Modesty and Grace
Personnel:
Vocals: Armitage, Sue Roberts, Smith
Bass: Glen Smith
Keyboards: Nick Watts
Stylophone: Steve Whitfield
Cymbal Crash: Dez
The Rest: Smith
Recorded and mixed: Steve Whitfield (aided by Dez)
Recorded and mixed at Chairworks in Castleford, 1st-3rd March 2008
Mastered by Pob
Smith says:
I seem to classify songs by where I wrote them, or where I came up with the first idea for them. Some songs are Shelley songs, the ones I wrote when I was living at home with my parents. There are some college songs, which I wrote when I was away in Manchester. There are some post-Poly songs, which were written either in Shelley or Scissett. There are some Sheffield songs, (but really not that many - I started recording when I was living in Sheffield, and so it was more about learning to document what I'd written, rather than writing anything new). And there are a few London songs, and Modesty and Grace is definitely a London song.

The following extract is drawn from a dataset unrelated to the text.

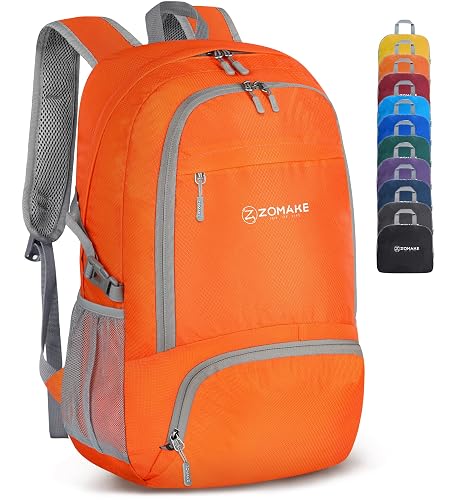 ZOMAKE Lightweight Packable Backpack 30L (Orange)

I wrote it over a chord loop on Cubase, and it was going to be a dazzling Europop classic, except I couldn't get the verses to sit right. The riff and the hook were in place, and the vocal line, but it didn't sing very well, and all my verses were shamefully trite - I had this notion it could be translated into French, as everything sounds better when it's sung in French. The 'whores of fate' refrain wasn't there at the time - that arrived courtesy of Armitage when he got his ink-stained fingers on it, as did the words for the verses. And it was too slow, and it sounded lame.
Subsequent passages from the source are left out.